(Beginning of Information provided)

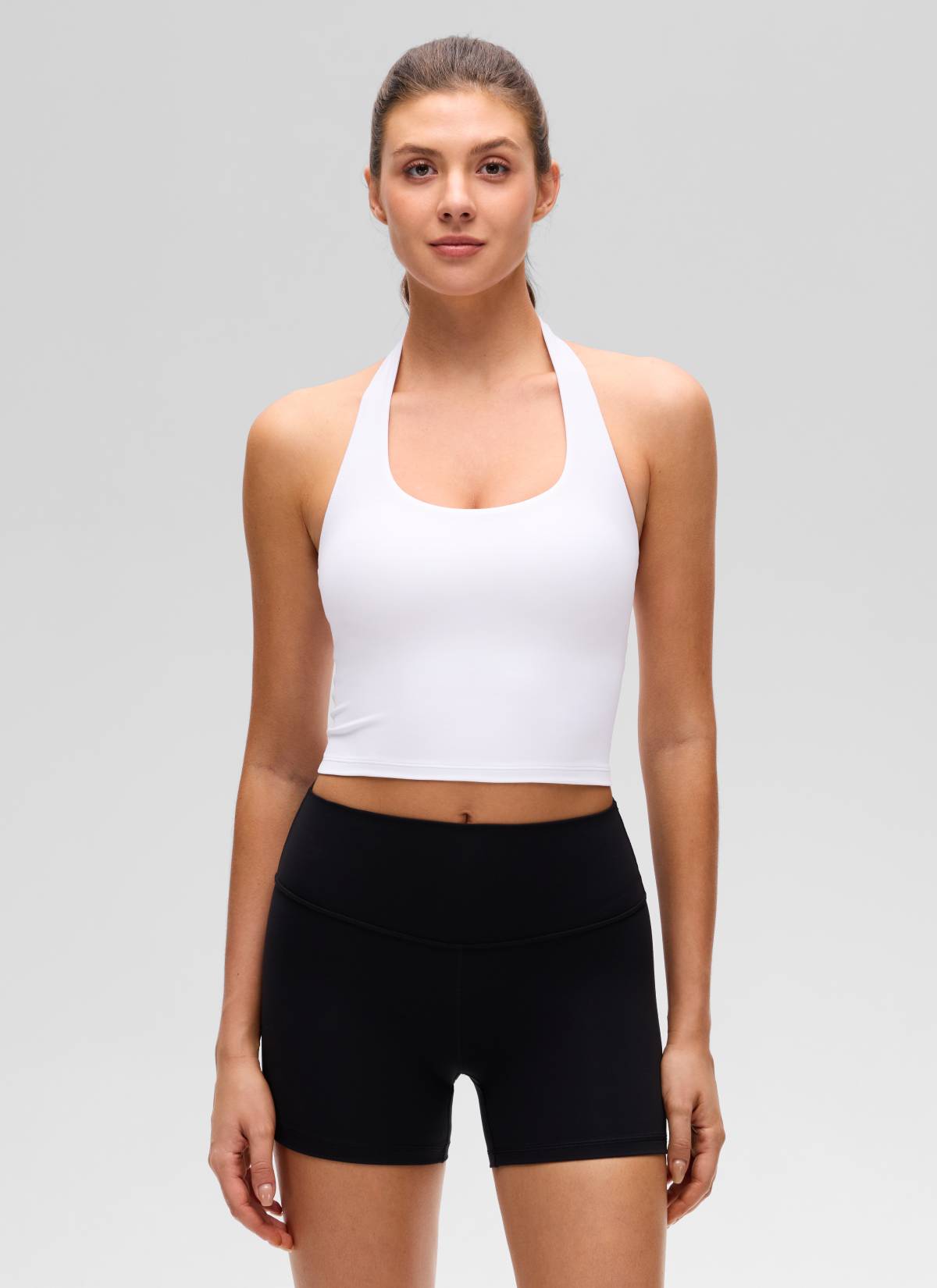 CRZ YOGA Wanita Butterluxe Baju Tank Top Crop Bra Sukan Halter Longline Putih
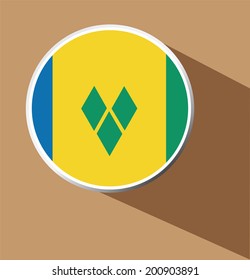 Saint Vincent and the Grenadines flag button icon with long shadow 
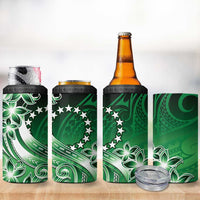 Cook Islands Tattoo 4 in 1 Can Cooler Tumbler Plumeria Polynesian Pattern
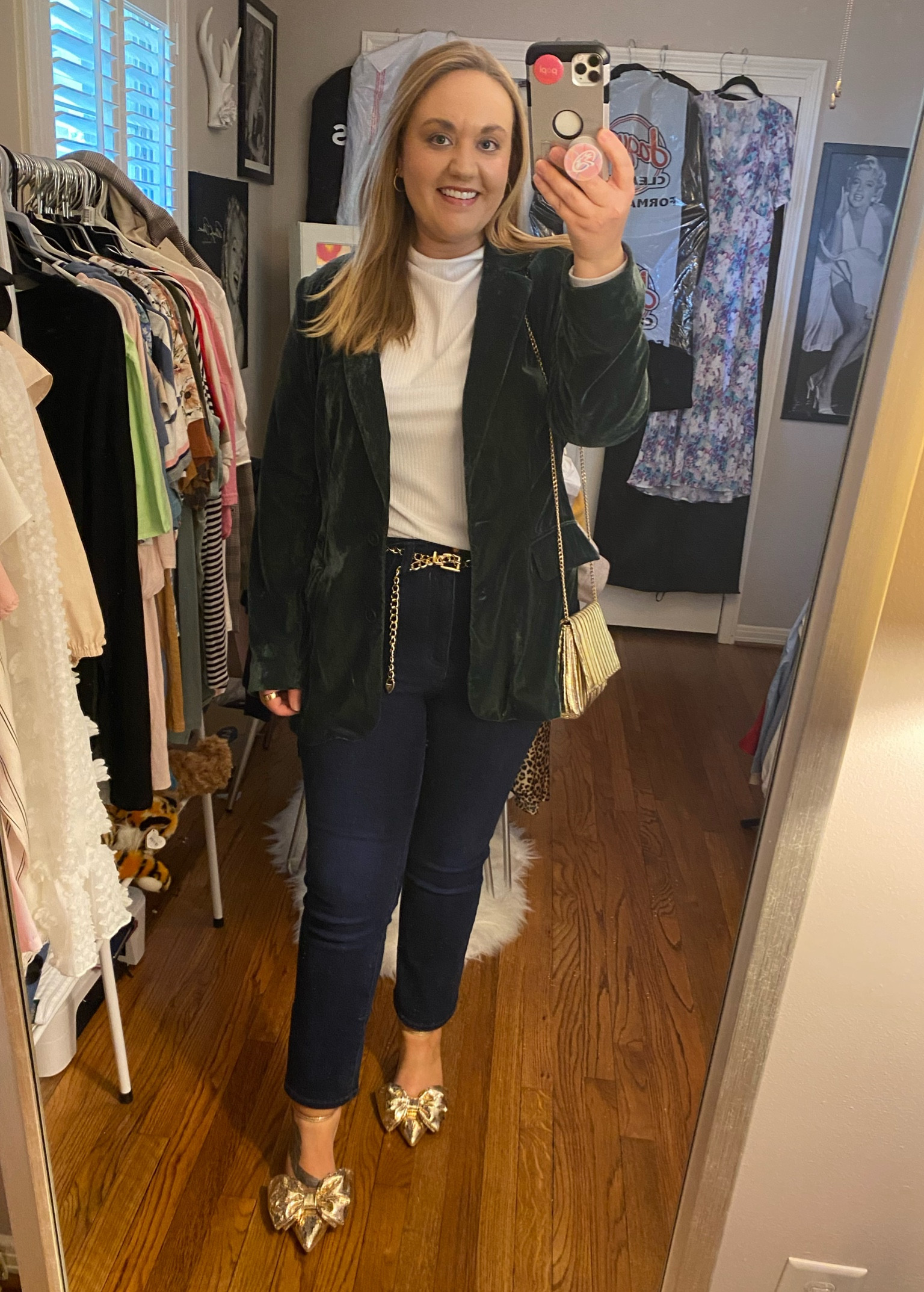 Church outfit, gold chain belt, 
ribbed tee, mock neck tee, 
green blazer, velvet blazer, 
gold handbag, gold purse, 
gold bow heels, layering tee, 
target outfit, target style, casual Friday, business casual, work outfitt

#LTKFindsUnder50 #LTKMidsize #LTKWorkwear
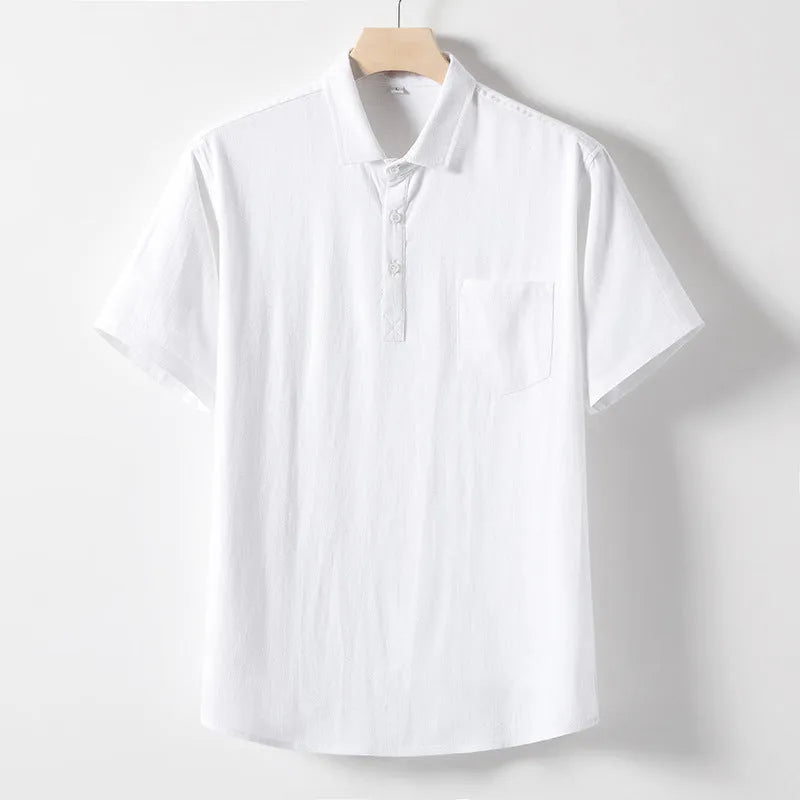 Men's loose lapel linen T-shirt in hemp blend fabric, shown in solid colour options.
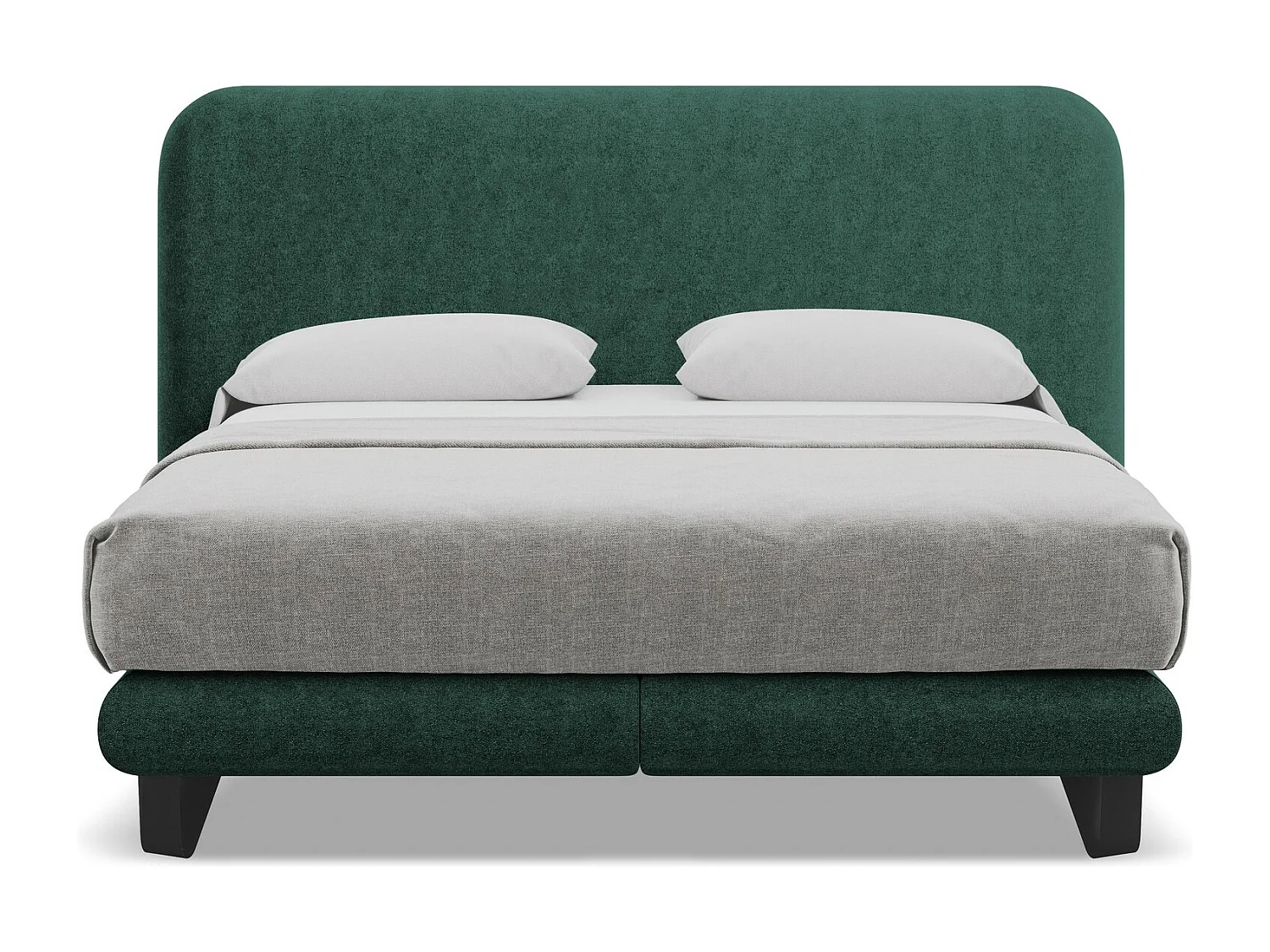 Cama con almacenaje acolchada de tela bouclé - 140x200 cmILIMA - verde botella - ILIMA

(End of Information provided)
(Beginning of Information provided)

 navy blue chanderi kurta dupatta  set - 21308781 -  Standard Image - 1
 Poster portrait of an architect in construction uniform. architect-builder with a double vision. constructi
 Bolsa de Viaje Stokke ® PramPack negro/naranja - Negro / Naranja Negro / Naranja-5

(End of Information provided)

Retype the lines above exactly as they appear, from the line containing "#LTKFindsUnder50 #LTKMidsize #LTKWorkwear" through the line containing "Cama con almacenaje", and leave out any pictures.

(Finished exercise):
#LTKFindsUnder50 #LTKMidsize #LTKWorkwear
 Men's loose lapel linen T-shirt in hemp blend fabric, shown in solid colour options.
 Cama con almacenaje acolchada de tela bouclé - 140x200 cmILIMA - verde botella - ILIMA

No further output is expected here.